War Stories 1: Illegal Operations

One of my proudest moments in college was forged from a case of Mnt Dew, a copy of Asheron’s Call, SoftICE, a friend’s Cyrix 686, and a technical note poorly Google-translated from French.

Over the course of a single night, we were able to determine that Asheron’s Call crashed on the Cyrix 686 because it didn’t implement the RDTSC (Read Timestamp Counter) instruction supported by Intel chips. But thanks to someone fluent in French (and Google’s primitive ability to do French to English word substitution), we found out that the RDTSC instruction was not necessarily critical to a program’s execution and could be patched with two no-ops (a no-op being a single byte instruction, and RDTSC spanning two).

Unfortunately, we were not sophisticated enough to update the excecutable file on disk. We tried a basic find and replace of RDTSC to no-ops, but that was pretty close to trying to cure alcohol poisoning with tequila.

Luckily, I had access to SoftICE. SoftICE sits right under the OS and catches low level events, popping up a nifty text-based UI on demand. Besides the more commonly used interactive mode, it could also run scripts for different triggers.

In our case, the trigger was the illegal instruction exception. When the processor trapped an illegal instruction, we simply checked the value of memory at the instruction pointer and, if it was RDTSC, write two no-ops in its place. After that, we could resume program execution. Performance was a nonissue, since each RDTSC instruction had to be patched no more than once.
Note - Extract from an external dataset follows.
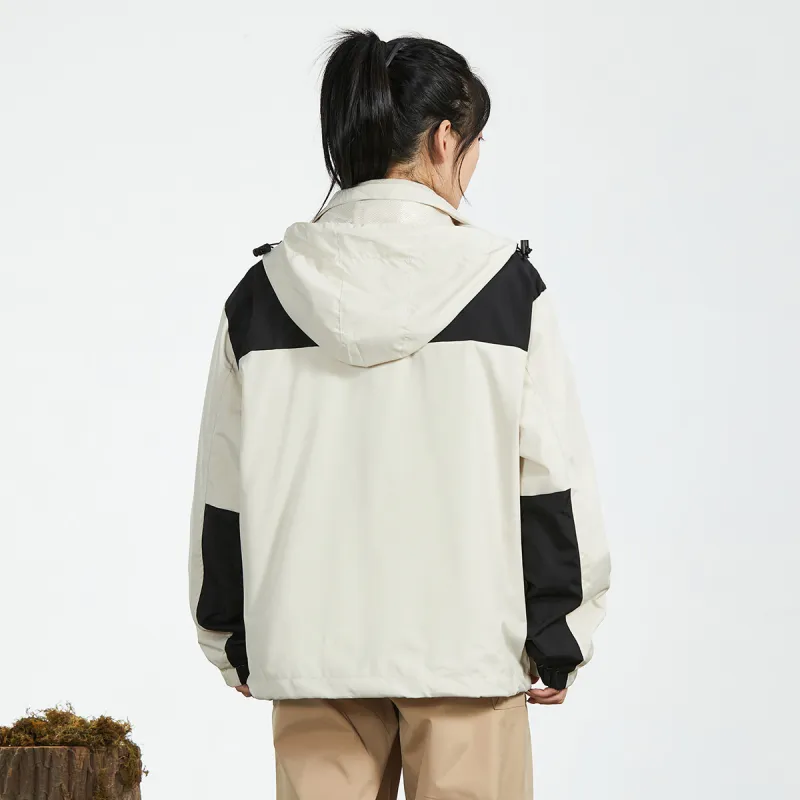 DOUBLEFISH Waterproof And Windproof Windbreaker Jacket Unisex-23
(Fun fact, on Intel processors there are two levels of exception handlers. If an exception is raised, the first line exception handler is invoked. If an exception is raised in the exception handler, a second handler is called. If an exception happens once more before the inner most handler can return a triple fault is said to have occured and the CPU does a soft reboot.)

In the end, Asheron’s call ran on one of what I can only imagine is a limited number of Cyrix 686 processors, and I remember distinctly thinking, as I walked out of the dorms into the morning light, how I could feel my eyeballs shot through with light-sensitve pain.